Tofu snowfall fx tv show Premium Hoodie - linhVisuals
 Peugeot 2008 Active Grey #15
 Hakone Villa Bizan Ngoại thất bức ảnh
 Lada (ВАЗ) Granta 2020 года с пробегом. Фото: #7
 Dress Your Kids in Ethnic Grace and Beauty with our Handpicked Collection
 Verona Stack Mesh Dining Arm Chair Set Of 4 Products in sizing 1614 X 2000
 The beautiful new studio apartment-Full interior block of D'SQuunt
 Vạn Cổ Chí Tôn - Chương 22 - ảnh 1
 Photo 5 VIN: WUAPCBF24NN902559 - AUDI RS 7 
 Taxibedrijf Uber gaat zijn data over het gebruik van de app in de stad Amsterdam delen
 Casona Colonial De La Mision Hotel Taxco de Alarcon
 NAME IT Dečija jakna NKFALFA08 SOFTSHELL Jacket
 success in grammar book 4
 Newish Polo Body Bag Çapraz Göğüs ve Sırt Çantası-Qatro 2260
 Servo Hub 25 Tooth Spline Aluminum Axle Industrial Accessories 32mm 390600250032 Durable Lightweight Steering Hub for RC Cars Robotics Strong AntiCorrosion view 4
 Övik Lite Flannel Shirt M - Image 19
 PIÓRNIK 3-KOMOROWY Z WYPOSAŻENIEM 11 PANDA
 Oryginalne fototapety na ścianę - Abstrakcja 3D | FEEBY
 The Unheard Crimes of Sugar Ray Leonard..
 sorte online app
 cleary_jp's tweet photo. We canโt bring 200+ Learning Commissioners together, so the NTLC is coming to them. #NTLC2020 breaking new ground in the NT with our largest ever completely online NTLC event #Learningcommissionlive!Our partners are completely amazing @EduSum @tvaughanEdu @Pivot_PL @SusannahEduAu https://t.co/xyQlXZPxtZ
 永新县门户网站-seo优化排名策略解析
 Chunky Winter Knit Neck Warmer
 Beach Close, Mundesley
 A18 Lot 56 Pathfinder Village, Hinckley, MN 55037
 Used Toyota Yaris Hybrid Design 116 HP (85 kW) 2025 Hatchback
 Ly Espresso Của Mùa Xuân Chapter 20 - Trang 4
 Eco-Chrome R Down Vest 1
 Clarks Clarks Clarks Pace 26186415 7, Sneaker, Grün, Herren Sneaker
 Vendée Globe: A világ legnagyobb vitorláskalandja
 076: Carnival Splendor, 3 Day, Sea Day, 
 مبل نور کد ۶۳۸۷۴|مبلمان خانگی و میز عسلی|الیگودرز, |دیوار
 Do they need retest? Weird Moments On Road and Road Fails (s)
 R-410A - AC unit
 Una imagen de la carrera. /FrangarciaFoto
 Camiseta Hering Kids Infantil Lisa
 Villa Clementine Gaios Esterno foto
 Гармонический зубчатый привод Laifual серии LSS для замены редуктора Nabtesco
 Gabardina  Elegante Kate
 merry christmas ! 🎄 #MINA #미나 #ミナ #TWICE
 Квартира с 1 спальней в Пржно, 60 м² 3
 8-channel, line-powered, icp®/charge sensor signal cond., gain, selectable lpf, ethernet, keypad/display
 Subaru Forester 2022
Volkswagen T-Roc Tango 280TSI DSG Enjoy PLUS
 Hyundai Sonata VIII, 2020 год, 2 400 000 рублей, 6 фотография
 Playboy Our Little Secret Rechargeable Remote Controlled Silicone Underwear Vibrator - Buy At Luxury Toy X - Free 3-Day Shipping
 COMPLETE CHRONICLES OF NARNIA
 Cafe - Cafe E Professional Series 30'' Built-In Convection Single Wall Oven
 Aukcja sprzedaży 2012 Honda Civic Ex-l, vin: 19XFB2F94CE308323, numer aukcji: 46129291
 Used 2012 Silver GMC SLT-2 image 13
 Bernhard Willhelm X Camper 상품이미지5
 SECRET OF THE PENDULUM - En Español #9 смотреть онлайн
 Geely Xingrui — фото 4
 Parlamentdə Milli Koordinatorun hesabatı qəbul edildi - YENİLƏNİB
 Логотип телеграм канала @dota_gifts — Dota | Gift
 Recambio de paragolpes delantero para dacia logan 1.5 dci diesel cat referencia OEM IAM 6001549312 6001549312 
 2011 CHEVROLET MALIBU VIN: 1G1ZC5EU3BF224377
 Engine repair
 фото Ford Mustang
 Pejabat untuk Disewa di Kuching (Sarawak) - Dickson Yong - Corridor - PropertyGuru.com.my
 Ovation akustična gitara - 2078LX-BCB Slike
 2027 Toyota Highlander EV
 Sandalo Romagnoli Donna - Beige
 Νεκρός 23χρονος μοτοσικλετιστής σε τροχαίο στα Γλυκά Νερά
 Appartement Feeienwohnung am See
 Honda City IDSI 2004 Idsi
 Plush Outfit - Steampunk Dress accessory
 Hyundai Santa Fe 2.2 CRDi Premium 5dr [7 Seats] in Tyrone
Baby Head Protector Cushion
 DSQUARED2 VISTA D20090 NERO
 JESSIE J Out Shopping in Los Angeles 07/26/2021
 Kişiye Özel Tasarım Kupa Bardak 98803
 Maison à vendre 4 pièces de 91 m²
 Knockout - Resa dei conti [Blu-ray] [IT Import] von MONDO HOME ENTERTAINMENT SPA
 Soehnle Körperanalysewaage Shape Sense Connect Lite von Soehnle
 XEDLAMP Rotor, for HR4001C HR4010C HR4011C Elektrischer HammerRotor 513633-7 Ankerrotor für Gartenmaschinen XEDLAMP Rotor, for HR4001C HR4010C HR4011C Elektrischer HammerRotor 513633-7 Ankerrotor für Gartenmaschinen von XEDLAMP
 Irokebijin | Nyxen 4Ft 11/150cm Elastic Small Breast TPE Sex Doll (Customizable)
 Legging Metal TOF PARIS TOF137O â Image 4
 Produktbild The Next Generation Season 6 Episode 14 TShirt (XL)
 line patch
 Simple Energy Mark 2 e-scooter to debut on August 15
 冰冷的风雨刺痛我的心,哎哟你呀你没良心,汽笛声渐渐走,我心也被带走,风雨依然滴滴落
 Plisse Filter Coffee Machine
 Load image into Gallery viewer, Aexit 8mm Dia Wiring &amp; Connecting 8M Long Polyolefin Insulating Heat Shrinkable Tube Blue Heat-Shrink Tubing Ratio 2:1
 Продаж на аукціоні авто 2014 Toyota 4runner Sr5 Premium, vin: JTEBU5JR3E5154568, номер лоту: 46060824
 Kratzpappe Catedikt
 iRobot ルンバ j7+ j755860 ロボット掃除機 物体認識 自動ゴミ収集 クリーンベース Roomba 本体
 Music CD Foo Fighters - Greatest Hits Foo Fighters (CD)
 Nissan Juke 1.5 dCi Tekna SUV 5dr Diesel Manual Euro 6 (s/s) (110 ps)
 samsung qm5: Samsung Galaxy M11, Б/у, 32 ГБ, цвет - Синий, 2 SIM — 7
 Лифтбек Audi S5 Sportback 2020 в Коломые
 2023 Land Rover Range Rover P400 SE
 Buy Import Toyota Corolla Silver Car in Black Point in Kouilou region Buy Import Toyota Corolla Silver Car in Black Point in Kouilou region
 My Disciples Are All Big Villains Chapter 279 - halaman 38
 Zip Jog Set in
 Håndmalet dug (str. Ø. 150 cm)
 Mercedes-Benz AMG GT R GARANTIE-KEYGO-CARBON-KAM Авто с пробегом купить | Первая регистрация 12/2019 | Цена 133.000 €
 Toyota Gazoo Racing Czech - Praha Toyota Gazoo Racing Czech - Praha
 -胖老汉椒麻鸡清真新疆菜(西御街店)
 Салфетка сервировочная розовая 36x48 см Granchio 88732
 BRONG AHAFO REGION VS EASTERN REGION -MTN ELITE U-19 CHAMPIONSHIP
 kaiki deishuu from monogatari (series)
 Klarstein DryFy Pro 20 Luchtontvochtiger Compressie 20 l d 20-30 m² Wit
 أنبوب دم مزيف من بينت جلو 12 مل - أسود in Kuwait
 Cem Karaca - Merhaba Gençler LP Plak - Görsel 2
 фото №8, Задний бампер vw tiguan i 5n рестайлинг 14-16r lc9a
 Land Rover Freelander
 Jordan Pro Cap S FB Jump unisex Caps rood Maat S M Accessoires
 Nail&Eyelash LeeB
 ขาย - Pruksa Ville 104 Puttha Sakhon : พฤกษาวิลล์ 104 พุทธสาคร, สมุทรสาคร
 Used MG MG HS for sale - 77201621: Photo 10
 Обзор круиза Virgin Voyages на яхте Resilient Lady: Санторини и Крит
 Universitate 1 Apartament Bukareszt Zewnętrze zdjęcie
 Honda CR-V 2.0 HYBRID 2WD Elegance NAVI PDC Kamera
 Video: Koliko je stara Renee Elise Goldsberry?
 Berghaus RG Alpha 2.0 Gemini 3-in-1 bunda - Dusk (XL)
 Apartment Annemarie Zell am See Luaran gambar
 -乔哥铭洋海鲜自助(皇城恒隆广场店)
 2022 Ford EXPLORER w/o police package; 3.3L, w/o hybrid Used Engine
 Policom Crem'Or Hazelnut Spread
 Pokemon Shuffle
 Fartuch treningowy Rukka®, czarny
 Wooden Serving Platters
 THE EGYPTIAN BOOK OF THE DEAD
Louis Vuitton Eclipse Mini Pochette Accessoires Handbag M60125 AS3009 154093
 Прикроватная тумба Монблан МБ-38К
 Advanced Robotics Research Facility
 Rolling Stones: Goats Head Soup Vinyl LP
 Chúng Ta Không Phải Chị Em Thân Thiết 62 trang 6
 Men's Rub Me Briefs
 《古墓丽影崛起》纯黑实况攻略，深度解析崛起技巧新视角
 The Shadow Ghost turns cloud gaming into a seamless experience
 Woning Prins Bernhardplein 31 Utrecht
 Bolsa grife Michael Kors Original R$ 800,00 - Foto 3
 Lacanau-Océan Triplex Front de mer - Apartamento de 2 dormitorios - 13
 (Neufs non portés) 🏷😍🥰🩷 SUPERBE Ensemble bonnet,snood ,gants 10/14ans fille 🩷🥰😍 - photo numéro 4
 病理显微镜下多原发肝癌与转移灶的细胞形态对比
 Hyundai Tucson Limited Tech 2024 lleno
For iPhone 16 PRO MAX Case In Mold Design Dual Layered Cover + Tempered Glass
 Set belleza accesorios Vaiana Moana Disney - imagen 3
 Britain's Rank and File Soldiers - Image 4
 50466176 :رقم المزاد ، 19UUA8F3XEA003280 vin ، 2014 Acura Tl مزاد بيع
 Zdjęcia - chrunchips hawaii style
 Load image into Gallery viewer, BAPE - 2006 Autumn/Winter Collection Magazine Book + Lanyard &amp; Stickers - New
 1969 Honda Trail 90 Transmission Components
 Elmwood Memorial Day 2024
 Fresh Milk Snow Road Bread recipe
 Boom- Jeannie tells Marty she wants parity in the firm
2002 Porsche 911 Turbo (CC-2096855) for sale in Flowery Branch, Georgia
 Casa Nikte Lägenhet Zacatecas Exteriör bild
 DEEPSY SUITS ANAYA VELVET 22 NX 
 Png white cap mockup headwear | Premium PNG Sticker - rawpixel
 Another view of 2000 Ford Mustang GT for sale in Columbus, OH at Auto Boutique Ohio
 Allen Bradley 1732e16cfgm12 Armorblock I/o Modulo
__________
Please write out the material word for word from its first line through the line holding "Servo Hub 25", including both, and no line past it.

- _TASK RESULT_:
Tofu snowfall fx tv show Premium Hoodie - linhVisuals
 Peugeot 2008 Active Grey #15
 Hakone Villa Bizan Ngoại thất bức ảnh
 Lada (ВАЗ) Granta 2020 года с пробегом. Фото: #7
 Dress Your Kids in Ethnic Grace and Beauty with our Handpicked Collection
 Verona Stack Mesh Dining Arm Chair Set Of 4 Products in sizing 1614 X 2000
 The beautiful new studio apartment-Full interior block of D'SQuunt
 Vạn Cổ Chí Tôn - Chương 22 - ảnh 1
 Photo 5 VIN: WUAPCBF24NN902559 - AUDI RS 7 
 Taxibedrijf Uber gaat zijn data over het gebruik van de app in de stad Amsterdam delen
 Casona Colonial De La Mision Hotel Taxco de Alarcon
 NAME IT Dečija jakna NKFALFA08 SOFTSHELL Jacket
 success in grammar book 4
 Newish Polo Body Bag Çapraz Göğüs ve Sırt Çantası-Qatro 2260
 Servo Hub 25 Tooth Spline Aluminum Axle Industrial Accessories 32mm 390600250032 Durable Lightweight Steering Hub for RC Cars Robotics Strong AntiCorrosion view 4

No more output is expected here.